SECOND: Its initial registered office is to be located at 229 South State Street, in the City of Dover, in the County of Kent, in the State of Delaware. The name of its initial registered agent at that address is The Prentice-Hall Corporation System, Inc.

 

THIRD: The purposes of the corporation is to engage in any lawful act or activity for which corporations may be organized under the General Corporation Law of Delaware.

 

FOURTH: The aggregate number of shares of stock which the corporation is authorized to issue is One Thousand (1,000), each of which has a par value of One ($1.00) Dollar per share. All such shares are of one class and are Common Stock.

 

FIFTH: The name and address of the single incorporator is as follows:

 

Barbara R. Corbett

400 Plaza Drive

Secaucus, New Jersey 07094


SIXTH: The registered agent of the corporation is the United States Corporation Company, whose address is One Gulf and Western Plaza, New York, New York 10271. The registered agent is the agent of the corporation upon whom process against it may be served.

 

SEVENTH: The By-Laws of the Corporation may be made, altered, amended, changed, added to or repealed by the Board of Directors without the assent or vote of the stockholders.
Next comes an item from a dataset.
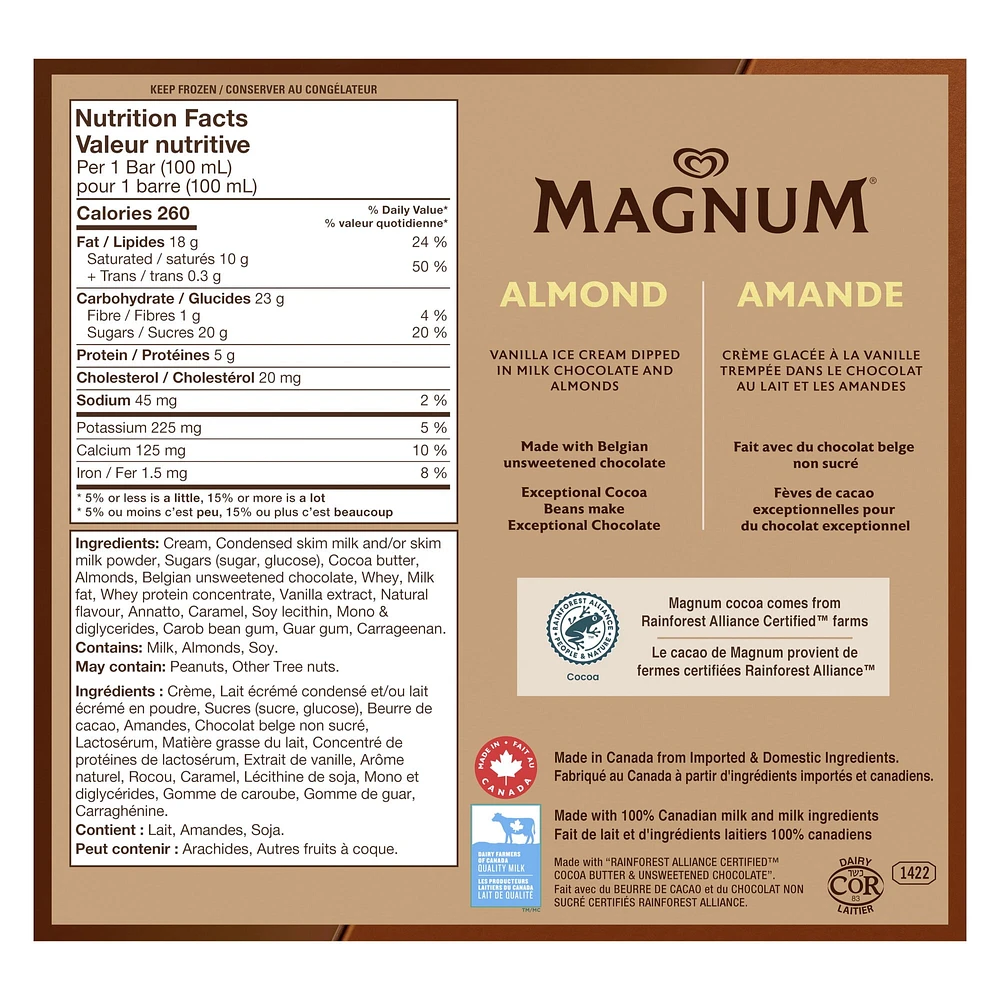 Magnum Almond covered with Belgian chocolate Ice Cream Bars, 3 x 100 mL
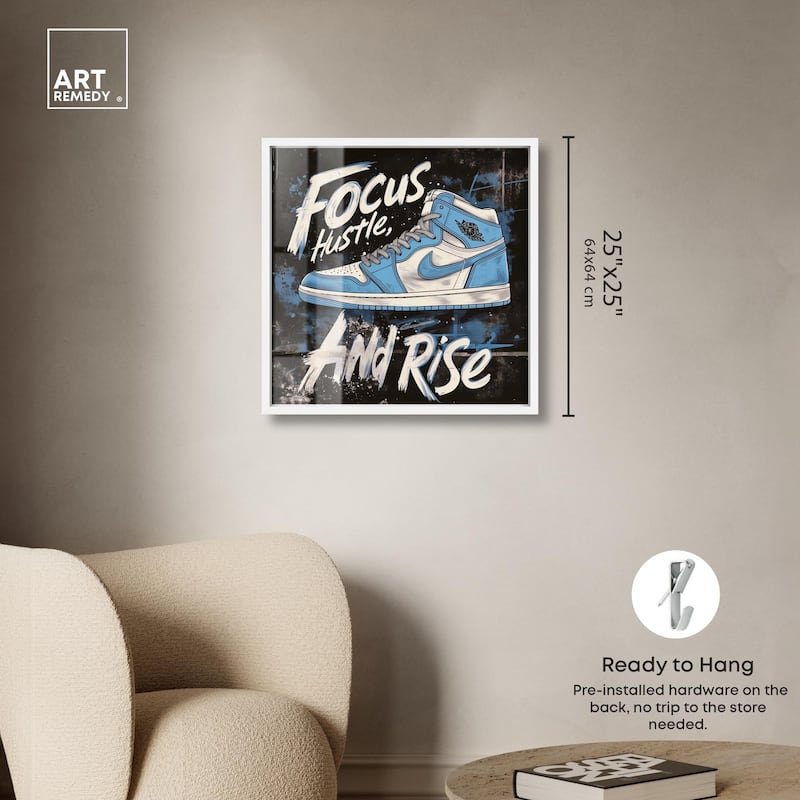 Hustle and Rise Sneaker Shadowbox by Art Remedy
Elections of directors need not be by ballot unless the By-Laws so provide.

 

EIGHTH: The Corporation shall have the power to indemnify all persons whom it may indemnify pursuant to law, including, without limitation, Section 145 of the Delaware General Corporation Law, as amended from time to time.

 

NINTH: The personal liability of the directors of the corporation is hereby eliminated to the fullest extent permitted by paragraph (7) of subsection (b) of §102 of the General Corporation Law of the State of Delaware as the same may be amended and supplemented.

 

TENTH: The Corporation reserves the right to amend, alter, change or repeal any provision contained in this Certificate in the manner now or hereafter prescribed by law, and all rights and powers conferred herein on stockholders, directors and officers are subject to this reserved power.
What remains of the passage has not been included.